Qui centrodestra - Paolo Orrigoni e le sue frecciate al candidato Pd: «Quanti errori in quei sondaggi»

– Positività e concretezza. Sono queste le due parole d’ordine di Paolo Orrigoni, che si prepara ad altre due settimane di campagna elettorale in vista del ballottaggio contro Davide Galimberti. Con una differenza: i partiti e le liste a loro sostegno vanno in secondo piano. E la sfida per la poltrona di sindaco sarà tra l’imprenditore e l’avvocato. E Orrigoni, che al primo turno ha ottenuto un vantaggio molto superiore rispetto alle aspettative, oltre il 47% contro poco meno del 42% di Galimberti, non solo tira le somme. Ma annuncia già la strategia. Per il ballottaggio «userò la stessa linea e strategia, cioè continuerò a essere quello che sono, e che ripeto e invito a fare a chi sta vicino a me. Non dobbiamo farci cogliere dalla preoccupazione, ma dobbiamo continuare a parlare di contenuti e temi per fare chiarezza ai cittadini, sul perché e su come realizzare il nostro programma. Sicuramente è interessante il lavoro da fare, e appassionante sarà il duello. Mi voglio presentare come una persona concreta, con energia positiva, per fare bene a questa città, e non solo nella tornata elettorale». Su questo Orrigoni è chiaro: «La vittoria non sarà il 19 giugno, ma Varese inizierà a vincere quando finalmente cominceremo a lavorare tutti insieme per la città». Infatti Orrigoni aggiunge, con un pizzico di ironia, che «è un vizio tipico della vecchia politica quello di dire sempre di aver vinto, da parte di tutti, indipendentemente dal risultato. Probabilmente hanno già le dichiarazioni pronte prima del voto e, a seconda del risultato, tirano fuori le diverse versioni». Una frecciata a Galimberti. Lui invece non usa la parola vittoria. «Io sono soddisfatto – ha detto – in primis della fiducia che i varesini hanno dato al sottoscritto e alla nostra coalizione. È una bella sensazione essere convinti e coscienti di aver lavorato tanto e bene, il lavoro è stato ripagato, con l’apprezzamento deciso dei concittadini». E quindi attacca il centrosinistra sui sondaggi. «C’è

chi ha pubblicato numeri, sondaggi, presentando risultati diversi da ciò che le urne hanno poi dimostrato. Quindi, o è stata raccontata una bugia o in 3 settimane abbiamo recuperato 12 punti, da meno 7 a più 5. Poi si è parlato di 1.600 voti di distacco. In realtà è di 1.850 voti la differenza. Sono intervenuto una sola volta in questa campagna per specificare un atteggiamento del mio avversario Davide Galimberti per quanto riguardava i sondaggi: ho detto che il comportamento, in quella situazione, era scorretto e spregiudicato». E quindi: «Tutti sappiamo l’ attendibilità dei sondaggi.

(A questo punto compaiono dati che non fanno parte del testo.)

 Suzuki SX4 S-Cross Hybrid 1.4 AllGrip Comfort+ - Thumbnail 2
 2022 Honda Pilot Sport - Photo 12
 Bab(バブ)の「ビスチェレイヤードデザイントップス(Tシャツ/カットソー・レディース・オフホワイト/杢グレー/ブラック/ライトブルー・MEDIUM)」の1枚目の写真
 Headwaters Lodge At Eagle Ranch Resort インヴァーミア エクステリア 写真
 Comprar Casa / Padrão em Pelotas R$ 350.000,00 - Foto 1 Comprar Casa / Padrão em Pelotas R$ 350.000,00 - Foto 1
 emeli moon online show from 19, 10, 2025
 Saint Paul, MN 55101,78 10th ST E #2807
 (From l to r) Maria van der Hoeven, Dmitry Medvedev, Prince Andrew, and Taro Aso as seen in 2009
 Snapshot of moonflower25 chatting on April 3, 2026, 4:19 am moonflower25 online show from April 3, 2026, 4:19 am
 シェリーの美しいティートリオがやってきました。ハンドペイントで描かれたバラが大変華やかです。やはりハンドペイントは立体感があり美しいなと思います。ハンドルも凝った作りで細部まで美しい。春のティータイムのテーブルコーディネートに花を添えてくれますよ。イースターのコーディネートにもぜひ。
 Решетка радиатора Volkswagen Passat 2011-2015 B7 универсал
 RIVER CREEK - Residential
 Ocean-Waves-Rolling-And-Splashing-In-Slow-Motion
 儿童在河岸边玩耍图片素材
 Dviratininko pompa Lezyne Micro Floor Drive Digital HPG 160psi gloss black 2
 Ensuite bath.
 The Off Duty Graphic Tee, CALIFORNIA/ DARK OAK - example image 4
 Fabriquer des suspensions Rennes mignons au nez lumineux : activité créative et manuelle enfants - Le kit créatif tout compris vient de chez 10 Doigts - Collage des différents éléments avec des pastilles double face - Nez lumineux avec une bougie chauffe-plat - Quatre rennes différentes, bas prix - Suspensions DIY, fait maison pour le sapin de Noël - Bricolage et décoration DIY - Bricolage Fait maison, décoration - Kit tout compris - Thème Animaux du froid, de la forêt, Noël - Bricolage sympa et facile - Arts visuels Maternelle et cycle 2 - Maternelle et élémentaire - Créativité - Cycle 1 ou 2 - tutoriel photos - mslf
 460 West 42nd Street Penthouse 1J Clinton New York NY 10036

Anche noi avevamo i nostri sondaggi, ma io non volevo prendere in giro le persone. In tanti mi hanno detto: hai un sondaggio, pubblicalo, ma io non ho voluto farlo. Credo che non sia giusto verso i cittadini. Non sono disponibile a usare qualsiasi strumento per convincere gli elettori». Quindi, sul risultato: «Abbiamo avuto un ottimo risultato nei quartieri, sono molto contento: ho visto da vicino ciò che è stato fatto e ciò che servirà. Varese è una comunità che vive su un territorio bellissimo e dobbiamo valorizzarla tutta, le piccole diversità sono un valore aggiunto. Continuerò sui temi importanti del programma, sicurezza, lavoro, sviluppo per la comunità. Andiamo avanti su questa strada, argomentando in modo chiaro e preciso». In vista del ballottaggio, c’è anche la possibilità di accordi con i candidati sindaco che sono rimasti esclusi. Rispondendo a una domanda su possibili accordi con la Lega Civica di Stefano Malerba: «Non mi trovo a mio agio a parlare di accordi o contatti: sono cose vecchie, fanno parte di una logica che non mi appartiene. Credo che la fiducia sia stata espressa per chi rappresenta concretezza e coerenza rispetto a chi ha lanciato slogan. Voglio parlare chiaro agli elettori, a chi ha votato Malerba o a chi non ha votato. Mi possono votare se si riconoscono nei miei valori, se concordano sulle proposte fatte. Li voglio convincere così, non con accordi».